In the aftermath of a joint legislative study committee report on transportation, Georgia lawmakers have spent the last month figuring out how to extract more money from taxpayers to pay for transportation projects. The report called for at least $1-1.5 billion in additional spending annually. To address “the full universe of transportation needs, including establishment of passenger rail systems,” the report claimed the state would need between $3.9 and $5.4 billion annually, constituting a 20 percent increase in the total state budget.

Georgia House Bill 170, which is supported by Republican Gov. Nathan Deal and House Speaker David Ralston, would raise at least $1 billion per year by making a number of changes to the state gas tax. Gasoline in Georgia is subjected to an excise tax of 7.5 cents per gallon, a 4% sales tax and in most places another local sales tax of 3%-4%. Under H.B. 170, this mix of taxes would be converted to a 29.2 cents per gallon tax, indexed to inflation. This is a tax increase that rises year by year. 

As Tom Crawford with the Gainesville Times noted, “the current mix of excise and sales taxes on gasoline totals roughly 27 cents per gallon.” By indexing the gas tax to inflation and increasing the tax by more than 2 cents per gallon, H.B. 170 is clearly a tax increase.

Drivers of hybrids aren’t forgotten. The bill imposes a car tax hike on alternative fuel vehicles of between $200-$300 per year, indexed to inflation. Virginia’s 2013 transportation tax hike did this as well until Democrat Governor Terry McAuliffe repealed the tax less than 6 months later.

H.B. 170 also engages in an inventive gimmick to generate $500 million in new revenue. By immediately absorbing local gasoline sales tax revenue, the state will now collect and spend money otherwise collected and spent by localities. Most localities spend this money on a bevy of non-transportation needs, like education. Absent the willpower to cut spending though, it is likely local governments will consider tax hikes in the future.

Upon the expiration of local sales taxes on gasoline, H.B. 170 permits localities to raise the local excise tax on gasoline by up to 3 cents per gallon before requiring that further gas tax hikes be approved by referendum for a maximum of 6 cents per gallon in local taxes. This sets in motion future tax hikes, not all of which even need voter approval.

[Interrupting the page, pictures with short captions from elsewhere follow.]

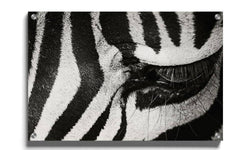 Ingelijste poster Zebra Up Close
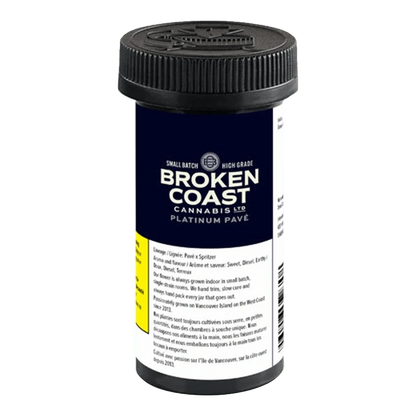 Broken Coast Platinum Pave Flower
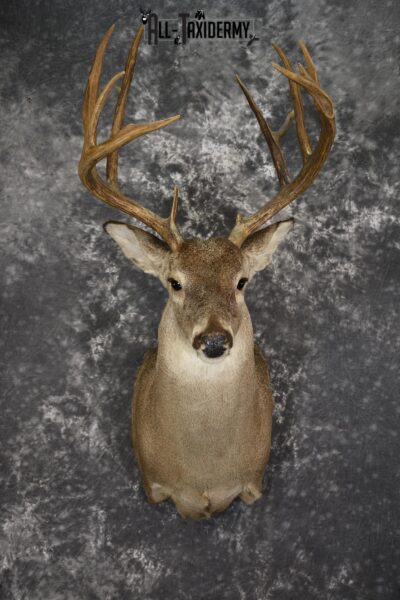 Whitetail deer taxidermy shoulder mount SKU 1961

While we take no position on the state absorbing local tax revenue streams, directing gas tax revenue to transportation projects instead of unrelated spending programs like education, should be applauded. In 2014, by a 80-20 margin Wisconsin voters passed a ballot initiative requiring gas tax revenue be spent on transportation. Consumers' expectations on gas tax revenue are clear: spend it on transportation and nothing else. Unfortunately, the definition of "transportation" is broad and encompasses a number of expensive projects, all of which may not actually alleviate traffic to improve anyone's commute to work. 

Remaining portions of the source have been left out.